Entrevista:O Estado inteligente

sábado, junho 23, 2007

MILLÔR


Repito um velho conselho, cada vez mais válido, sobretudo pro Congresso: "Quando alguém gritar Pega Ladrão, finge que não é com você".


Doutor, somos todos doutores!

Aos neocultos (tão perto dos semi-alfa)

Aos neocultos, essa gente que quando está conversando com você ao telefone não dispensa o celular e, com um clique do dedo, corresponde, com o mais amplo conhecimento, a qualquer assunto de que você fale, eu digo: "Cuidado, nem tudo é Google no mundo da cultura". Tem também a Wikipédia (risos).

Como esses googles da vida são apenas transcrições sem critério. Eles jogam na tela como informação confiável tudo o que encontram sobre pessoa ou assunto.
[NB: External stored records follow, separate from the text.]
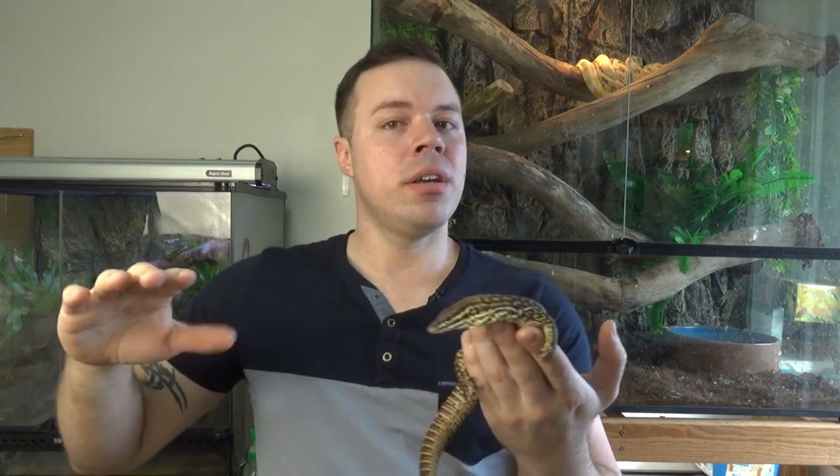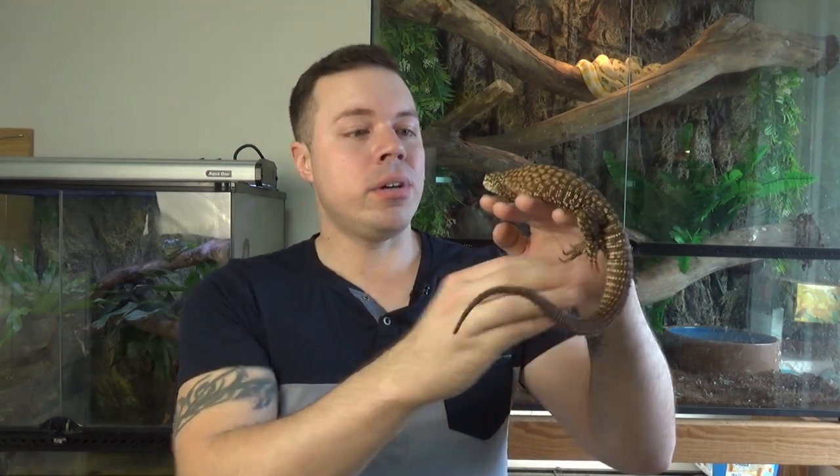Since they like to dig, you want a deep layer of substrate. You can use fine desert sand, coconut coir, or a mix of both. Go a minimum of 10 centimeters deep — more if you can. If you can't have the whole enclosure that deep, section off half with deeper sand, or place a large plastic storage tub filled with coconut coir or sand as a digging pit. They'll dig little burrows and cavities, which is great enrichment for them.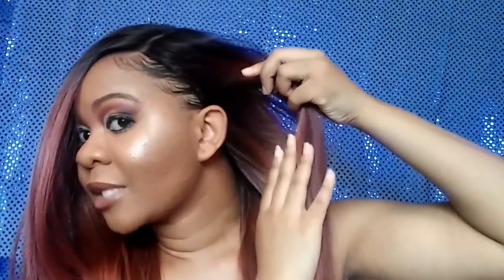You do get dark root, of course, and dark root is all throughout the wig too, so that's a plus. If the wind blows this wig, you'll be good to go — maybe you want to wear her in the fall.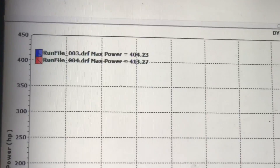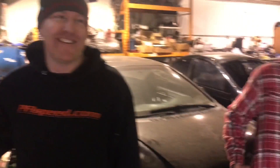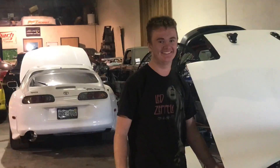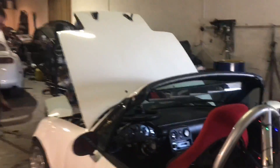So that last pull, we made 413 horsepower. What do you think, Drew? Stock bottom end. She's a beast — she's the fastest Miata you know.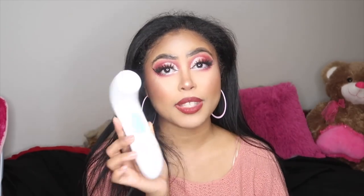Comment below what you think about the spin brush, whether you have it or are planning to get it. Let me know down below, don't forget to give this video a thumbs up if you liked it, don't forget to subscribe, and I cannot wait to see you guys next time — bye bye!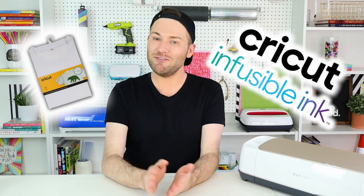In today's episode, I am showing you how to customize your very own t-shirt with multiple layers of Cricut and fusible ink. Now let's get crafty!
Mas não ensinam você, googlista, a "processar". E é aí que está a cultura. Uma pessoa com poucos dados culturais pode ser interessantíssima, enquanto uma pessoa cheia de informações geralmente é uma chata que despeja tudo o que tem na cabeça sem qualquer formulação – processamento – pessoal.

Isso faz, só por exemplo, com que o senhor Aldo Rebelo (lembram dele? Já teve seus quinze dias de glória) pense que entende de lingüísticas porque estudou um pouco de análise lógica no pleno do PCB (Palácio Clube Bilhares). Mas quer saber o que é uma análise realmente lógica, dr. Aldo? O senhor conhece a frase de Machado de Assis que ele colocou na entrada da ABL: "Esta é a glória que fica, eleva, honra e consola".

Eu sei, dr. Aldo, é querer muito. Mas agora o senhor sabe. Então vamos fazer uma análise, esta, sim, lógica. Os verbos que adjetivam (pode? Pode) a frase não têm a menor hierarquia, gradação. As palavras foram postas ali porque foram postas ali, ponto.com.

Agora veja esta frase de Camões, que escrevia direitinho: "A disciplina militar prestante não se aprende, senhor, na fantasia. Mas vendo, tratando, e pelejando". A hierarquia das palavras, a gradação, é perfeita. Vendo. Tratando. E pelejando. Uma coisa atrás da outra, quando se fala de uma proposta, no caso ação militar. Ver primeiro. Depois conjeturar o que se vai fazer. Só então a porrada, o ir pro pau – pelejar.

É assim que se usam as palavras. Pra quem pretende usá-las e sobretudo a quem pretende legislar o uso delas, dr. Aldo.

Veja o exemplo no uso de expressões populares. Como estas, altamente criativas: "Foi comer capim pela raiz. Vestiu o pijama de madeira. Fechou o paletó".

Veja agora, atente pro sentido das frases e veja que a ordem deve ser cuidada pra valorizar o sentido das frases:

1 ­ Fechou o paletó (o momento em que o cara bate as botas, estica as canelas).

2 ­ Vestiu o pijama de madeira (o cara já está morto, dentro do caixão, o sentido é claro).

3 ­ Foi comer capim pela raiz (ele já está lá, protegido nos sete palmos de terra, que estão reservados a todos vocês que não optaram pela cremação).

Não tem de quê, dr. Aldo.

Ainda se pode citar Lenin?
"O que é um assalto a um banco diante de um banco?"